Le dérapage narcissique de l’avocat général

Par Christine Matray le 12 Décembre 2018

Un tragique fait divers

Jacqueline Sauvage avait partagé pendant 47 ans la vie d’un homme qu’elle aimait mais qui, avec le temps, avec l’alcool, était devenu son tortionnaire et le violeur de deux de leurs trois filles. Le 10 septembre 2012, après avoir été une fois de plus l’objet de violences, Jacqueline Sauvage abattit son mari de trois coups de fusil dans le dos. À l’issue d’un premier procès, elle fut condamnée pour meurtre le 28 octobre 2014 à dix ans de réclusion criminelle par la cour d’assises d’Orléans. En appel, devant la cour d’assises du Loir-et-Cher, des proches du couple témoignèrent de ce que, selon eux, « cette histoire devait finir mal », mais ils s’étaient sentis « impuissants à prévenir un drame ». L’impuissance, c’était aussi ce que les jeunes filles avaient ressenti, notamment lorsque l’une d’elle s’était vainement confiée à la police. Impuissance, un mot qui revient en leitmotiv dans les affaires de ce genre.

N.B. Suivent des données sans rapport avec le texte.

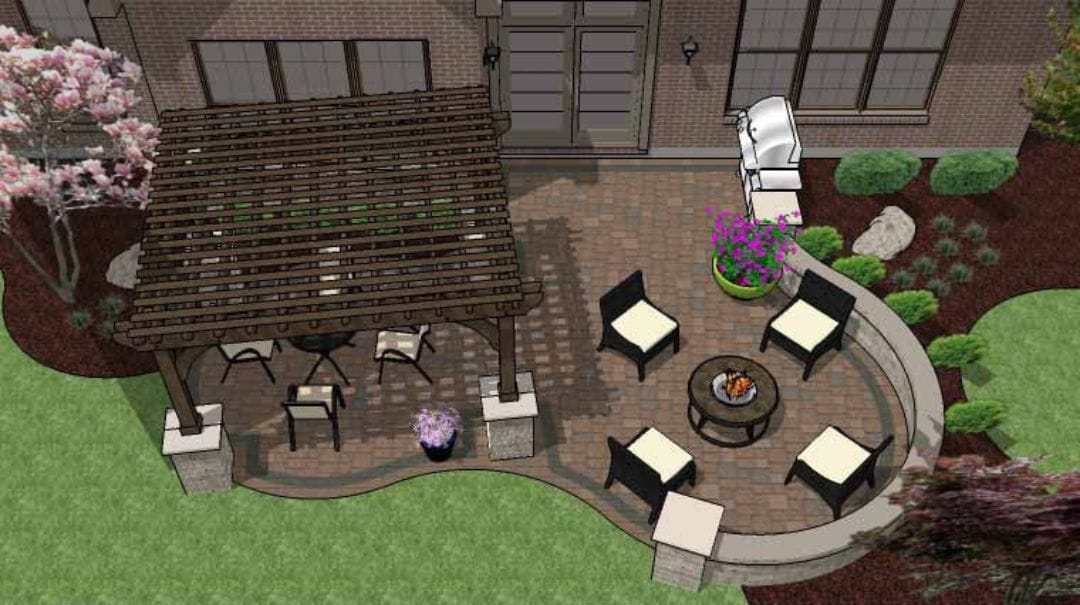 Outdoor pergola planning seating layout from Grandsea - grandseabuilding.com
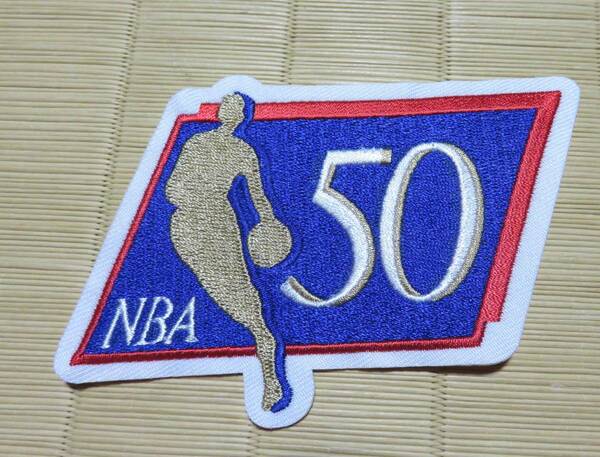 青赤■新品NBA　50周年記念　50th Anniversary Logo Patch (1996-97)刺繍ワッペン（パッチ）◆バスケットボール◎アメリカ　　スポーツ◆◇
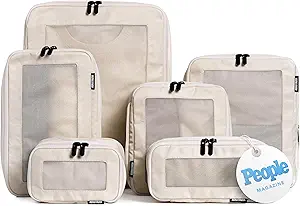 Aerotrunk Compression Packing Cubes for Travel, 6-Pack, Beige | Solves overpacking, 6-Piece set fits most suitcases, 50% Space savings, Compression luggage organizer bags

En France, 130 femmes environ succombent tous les ans sous les coups de leur mari. Les avocates de Jacqueline Sauvage plaidèrent un geste de désespoir absolu et parfaitement proportionné à la menace de mort qui pesait sur l’accusée et ses filles. Elles imaginèrent de plaider « une légitime défense différée ». Vainement. La condamnation de leur cliente fut confirmée.

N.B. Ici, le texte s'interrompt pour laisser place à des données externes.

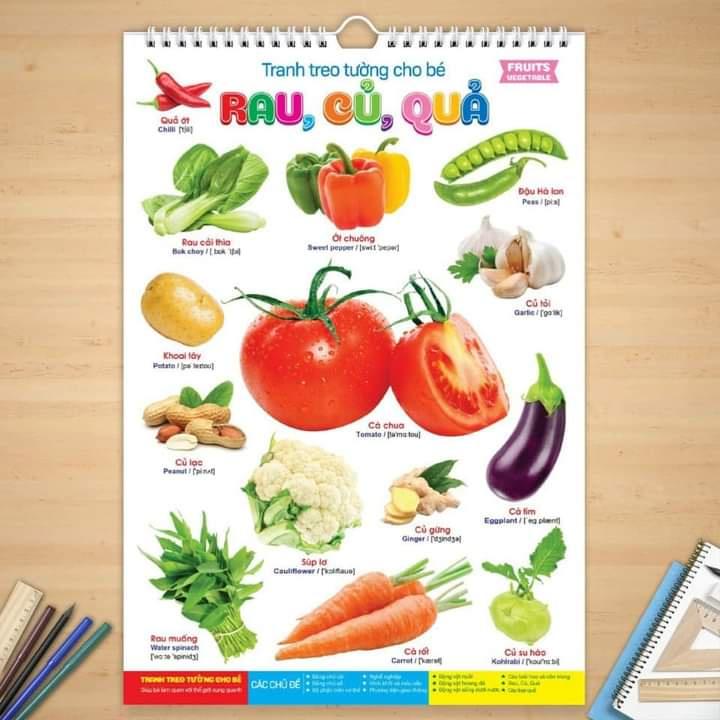 Bộ Tranh Treo Tường Song Ngữ 12 Chủ Đề Cho Bé - Loại Lớn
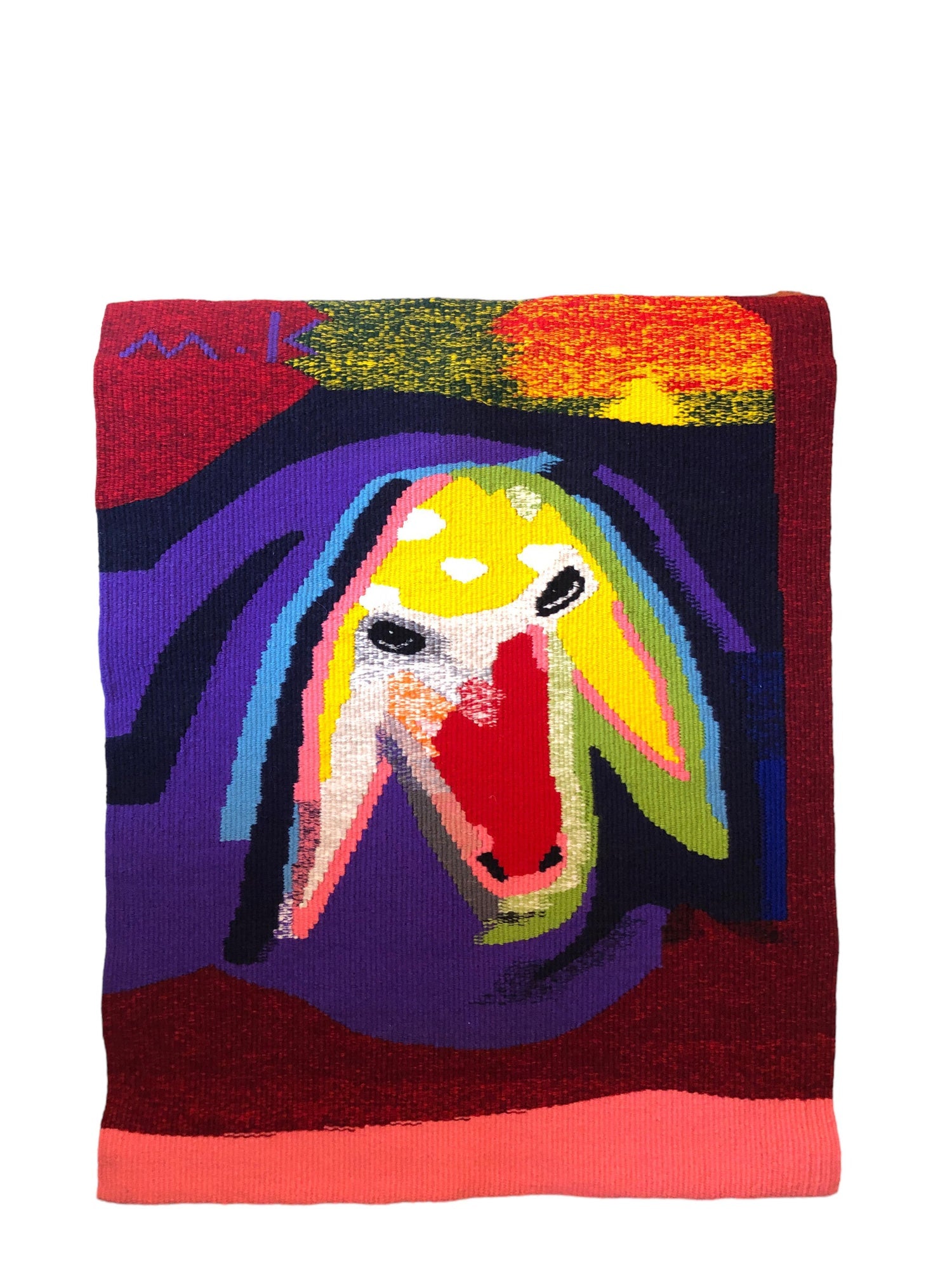 Israeli Hand Woven Colorful Wool Tapestry Weaving Menashe Kadishman Sheep Head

Une mobilisation de l’opinion publique

Abondamment relayée par les médias, l’affaire donna lieu à une large mobilisation de l’opinion publique. On s’émut de la sévérité avec laquelle Jacqueline Sauvage avait été traitée par la justice. Elle devint l’icône des femmes exposées en France à des violences conjugales. Le réquisitoire de l’avocat général fut l’objet de critiques particulièrement acerbes. Au premier rang de celles et de ceux qui contestèrent la décision de justice surgit une députée, Valérie Boyer qui, à la tribune du Parlement, interpella le Premier ministre pour que celui-ci appuie auprès du président de la République une demande de grâce. Quatre-vingt parlementaires la soutinrent dans sa campagne. Une pétition recueillit 434 000 signatures. La grâce présidentielle fut finalement accordée le 28 décembre 2016 et Jacqueline Sauvage fut remise en liberté.

Inspirée par cette douloureuse affaire, la chaîne française TF1 réalisa un téléfilm intitulé « C’était lui ou moi »1. Muriel Robin y livra une magistrale interprétation de Jacqueline Sauvage. Il faut en convenir, la lecture des événements et du procès lui était incontestablement favorable.

La colère de l’avocat général

L’avocat général Frédéric Chevallier avait soutenu en appel l’accusation devant la cour d’assises. Il supporta mal ce grand fracas populaire dans lequel il était mis en cause. Il confessera à la journaliste Vanessa Schneider du journal Le Monde2 qu’il avait trouvé intolérable cette levée de boucliers, cet « emballement de l’opinion qui ne venait de nulle part », ce parti pris intolérable en faveur d’une meurtrière et, plus encore, cette faveur présidentielle que, grincera-t-il, le Président Hollande eut le mauvais goût d’accorder le jour de la fête des Saints Innocents. Il expliquera qu’il était « tombé des nues » en lisant la presse, laquelle avait débité « des monuments de conneries (sic) ». Voilà qui justifiait qu’il entreprît son propre combat médiatique car, s’interrogea-t-il, « la vérité judiciaire devait-elle devenir invisible et passer sous la ligne de flottaison ? ». Mais il l’admit : c’est finalement la diffusion du téléfilm de TF1 qui le fit « sortir de ses gonds » pour bondir sur sa plume.

La lettre

Le 4 octobre 2018, quelques jours après cette diffusion, Le Monde publiait une lettre de l’avocat général Chevallier par laquelle il s’en prenait, non pas à la presse ou à l’opinion publique, mais à Jacqueline Sauvage elle-même.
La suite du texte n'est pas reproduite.